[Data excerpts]
*** Begin section ***

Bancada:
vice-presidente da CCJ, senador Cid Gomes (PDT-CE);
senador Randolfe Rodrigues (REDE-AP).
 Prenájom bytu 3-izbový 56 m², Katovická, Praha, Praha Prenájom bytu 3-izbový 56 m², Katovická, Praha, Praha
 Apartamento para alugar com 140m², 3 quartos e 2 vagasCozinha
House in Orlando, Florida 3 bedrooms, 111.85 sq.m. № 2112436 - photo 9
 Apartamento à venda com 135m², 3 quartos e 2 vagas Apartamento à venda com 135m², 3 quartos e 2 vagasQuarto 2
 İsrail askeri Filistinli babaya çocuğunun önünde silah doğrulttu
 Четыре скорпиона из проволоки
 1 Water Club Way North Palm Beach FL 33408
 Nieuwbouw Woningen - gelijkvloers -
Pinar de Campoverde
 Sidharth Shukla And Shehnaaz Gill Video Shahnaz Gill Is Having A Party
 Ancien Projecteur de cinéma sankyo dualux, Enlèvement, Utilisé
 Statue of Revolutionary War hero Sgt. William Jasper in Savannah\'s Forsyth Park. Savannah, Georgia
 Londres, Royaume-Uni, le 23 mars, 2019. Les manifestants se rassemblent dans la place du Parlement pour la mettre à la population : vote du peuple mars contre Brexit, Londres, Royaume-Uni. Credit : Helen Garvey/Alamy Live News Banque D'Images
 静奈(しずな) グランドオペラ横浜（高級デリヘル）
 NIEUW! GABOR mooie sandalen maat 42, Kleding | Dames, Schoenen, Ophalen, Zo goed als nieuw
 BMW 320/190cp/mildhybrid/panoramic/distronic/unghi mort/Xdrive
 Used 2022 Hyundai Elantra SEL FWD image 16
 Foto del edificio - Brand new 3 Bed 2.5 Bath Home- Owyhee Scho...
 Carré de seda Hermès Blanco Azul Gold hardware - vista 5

*** End section ***

▶ _Goal of the exercise_:
From the line containing "BMW 320/190cp/mildhybrid/panoramic/distronic/unghi mort/Xdrive" to the final line of the entries, print every line exactly and nothing else.

▶ _Answer area_:
 BMW 320/190cp/mildhybrid/panoramic/distronic/unghi mort/Xdrive
 Used 2022 Hyundai Elantra SEL FWD image 16
 Foto del edificio - Brand new 3 Bed 2.5 Bath Home- Owyhee Scho...
 Carré de seda Hermès Blanco Azul Gold hardware - vista 5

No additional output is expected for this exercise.